▶ [Your instructions]:
Transcribe the data below verbatim from the line with "спортивные, A&A Forever" to the line with "Read nothing chapter 48 image 6 on Lezhin". Include both of those lines.

▶ [Material provided]:
────────────────
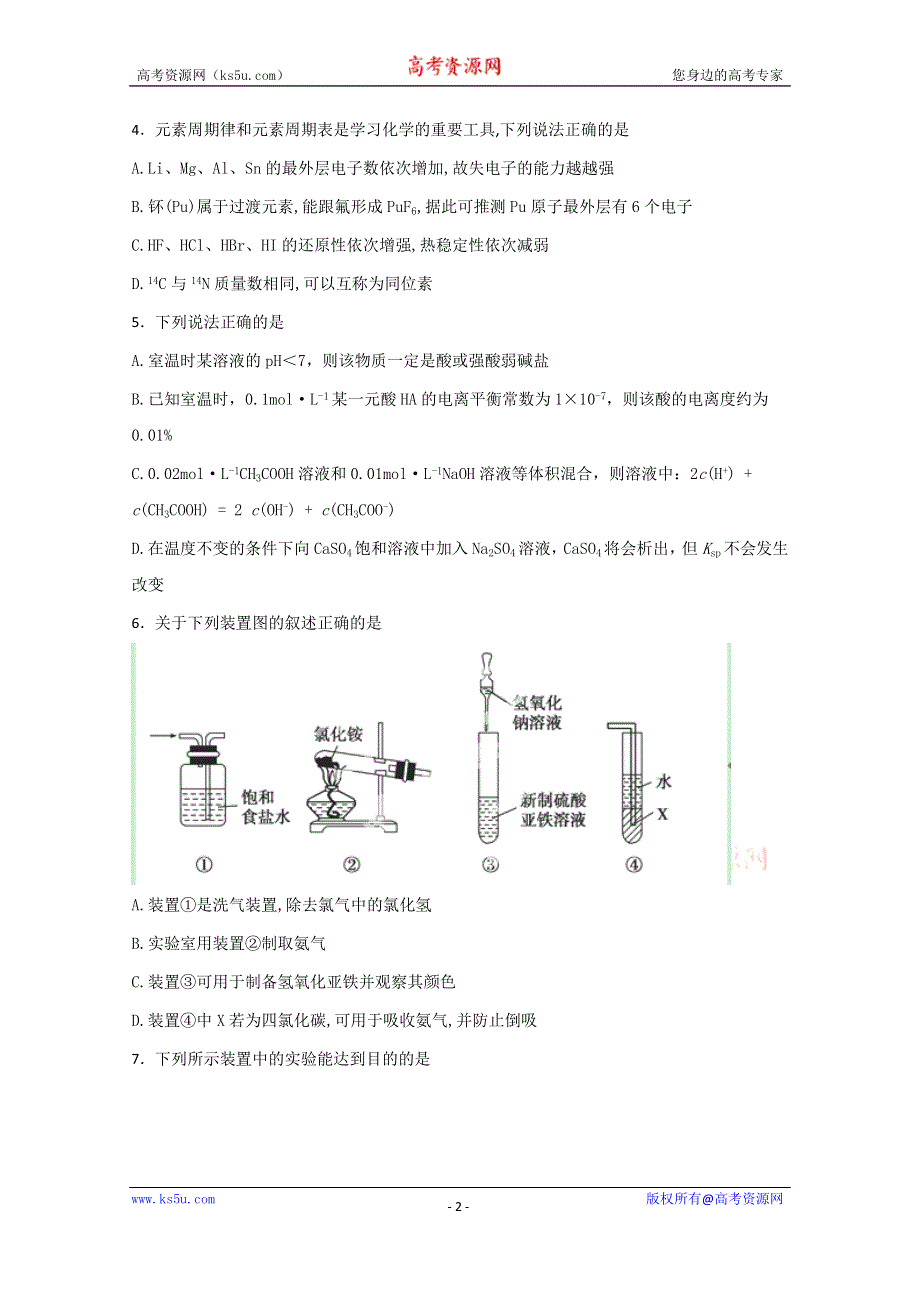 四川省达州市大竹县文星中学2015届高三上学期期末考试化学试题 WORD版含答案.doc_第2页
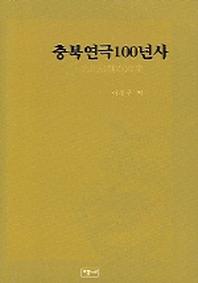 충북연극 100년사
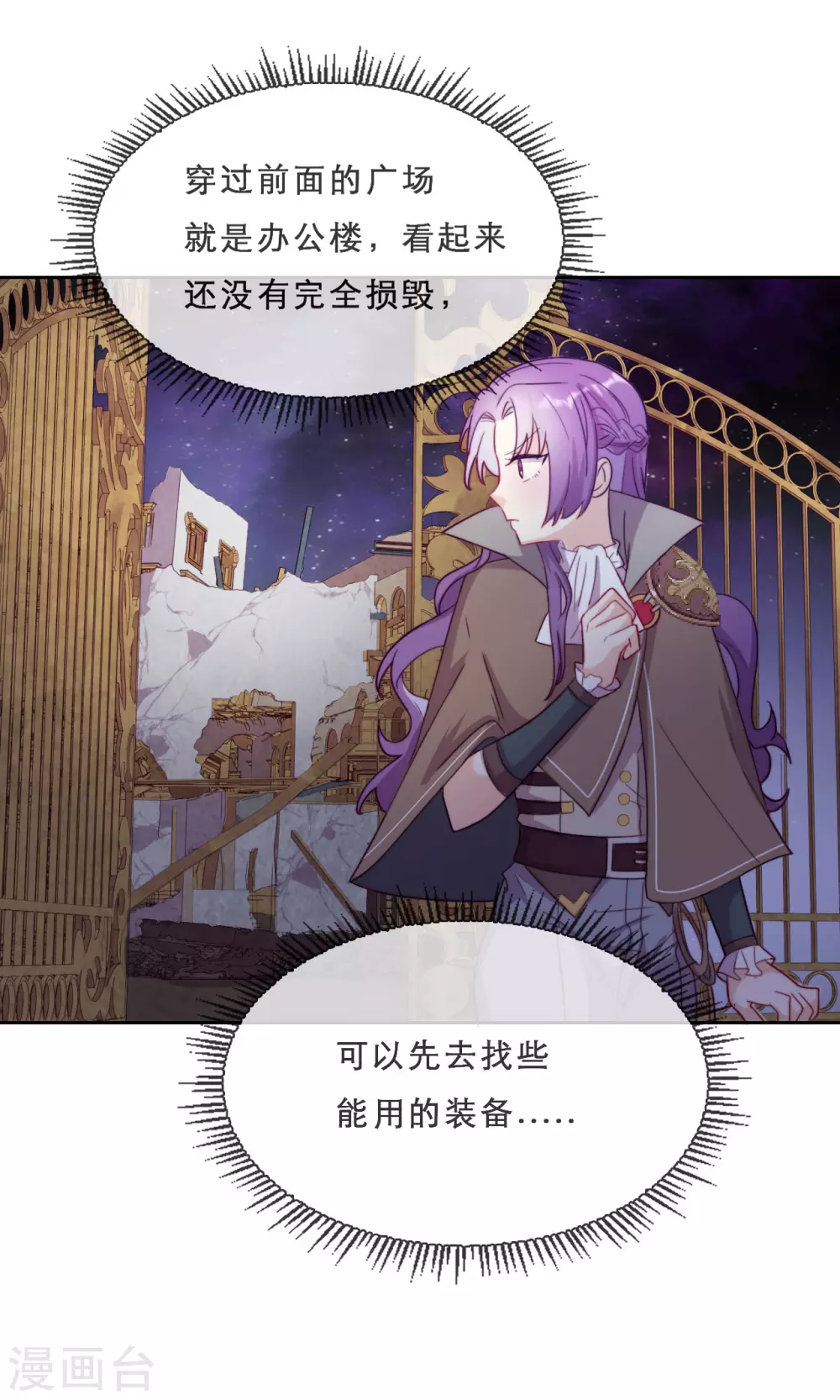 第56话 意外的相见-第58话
────────────────
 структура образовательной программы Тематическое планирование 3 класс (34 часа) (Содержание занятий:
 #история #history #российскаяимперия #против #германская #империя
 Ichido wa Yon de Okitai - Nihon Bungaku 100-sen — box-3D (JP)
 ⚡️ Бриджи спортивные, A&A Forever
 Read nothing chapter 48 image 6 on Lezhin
────────────────
▶ [Worked solution]:
 ⚡️ Бриджи спортивные, A&A Forever
 Read nothing chapter 48 image 6 on Lezhin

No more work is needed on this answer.